Clarifying the nature of money – Fellows’ seminar by JP Smit

20 October 2020

STIAS fellow JP Smit of the Department of Philosophy at Stellenbosch University explained that his overall project is about the ontological status of institutions, i.e. countries, borders, universities, companies, money, etc.  In May 2020 he presented a webinar which gave an overview of his understanding of the concept of institutional objects. In his second presentation he focused more narrowly on a subject close to many of our hearts – the concept of money.

STIAS Fellow JP Smit during his seminar on 15 October 2020

“I’m aiming to address two questions,” he said. “Firstly, what does being money consist of? And secondly, what kinds of things can be money?”

He pointed out that conceptual clarifications like this become particularly relevant if we look at the rise in cryptocurrencies like Bitcoin.

“I argue that something is money if, and only if, it is typically acquired in order to realise the reduction in transaction costs that accrues by virtue of agents coordinating on acquiring the same thing when deciding what thing to acquire in order to exchange,” he said.
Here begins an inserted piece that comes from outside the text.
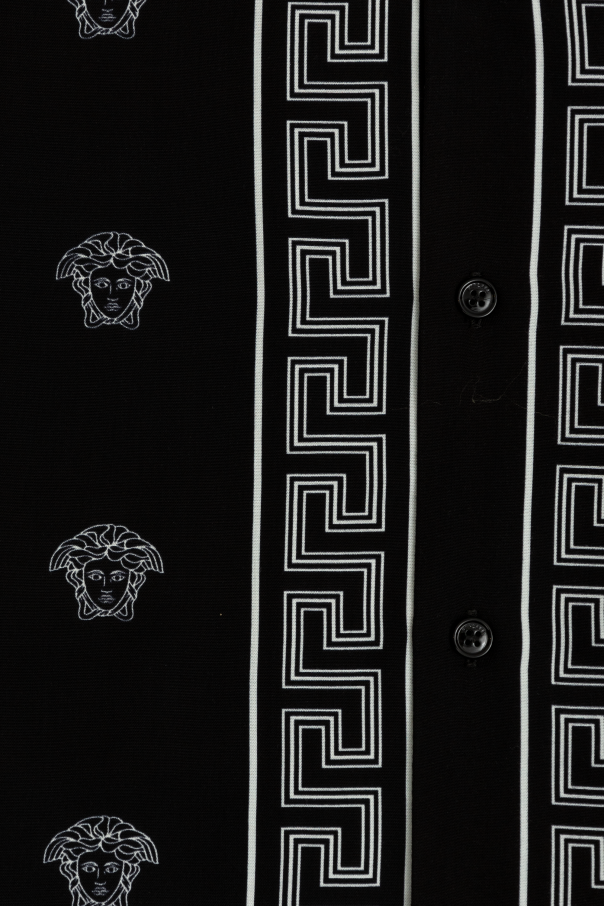 Versace Kids Wzorzysta koszula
“I also argue against the common view that a variety of things (notes, coins, gold, cigarettes, etc.) can be money. All monetary systems are best interpreted as implementing the same basic protocol. Money, i.e. the thing that we coordinate on acquiring in order to lower our transaction costs, is, in all cases, a set of positions on an abstract mathematical object, namely a relative-ratio scale. The things that we ordinarily call ‘money’ are merely records of positions on such a scale.”

“Another way to say that is that the only thing that really matters is the percentage everyone has, not the absolute numerical value. It’s all about fractions of a total; we keep records of such totals in radically different ways.”

All choosing to do the same thing

“Something is money if it is a medium of exchange, a store of value, or a unit of account, but only the first condition is definitional. Being a unit of account is a consequence of being a medium of exchange, and so is the matter of being a store of value,” he continued. “Money is required for reducing transaction costs that accrue by virtue of social coordination. It doesn’t matter what we do, as long as we all do the same thing.”

He described it as a coordination game – in which what is money or currency is a choice and, as for other social objects, we are incentivised to use them as such because of the associated good and bad consequences. “One way, though only one way, in which this can happen is that governments declare something money – and we have to have it in order to be able to pay tax and be part of the system. The network effect is the main incentive – others have it, so you must too.”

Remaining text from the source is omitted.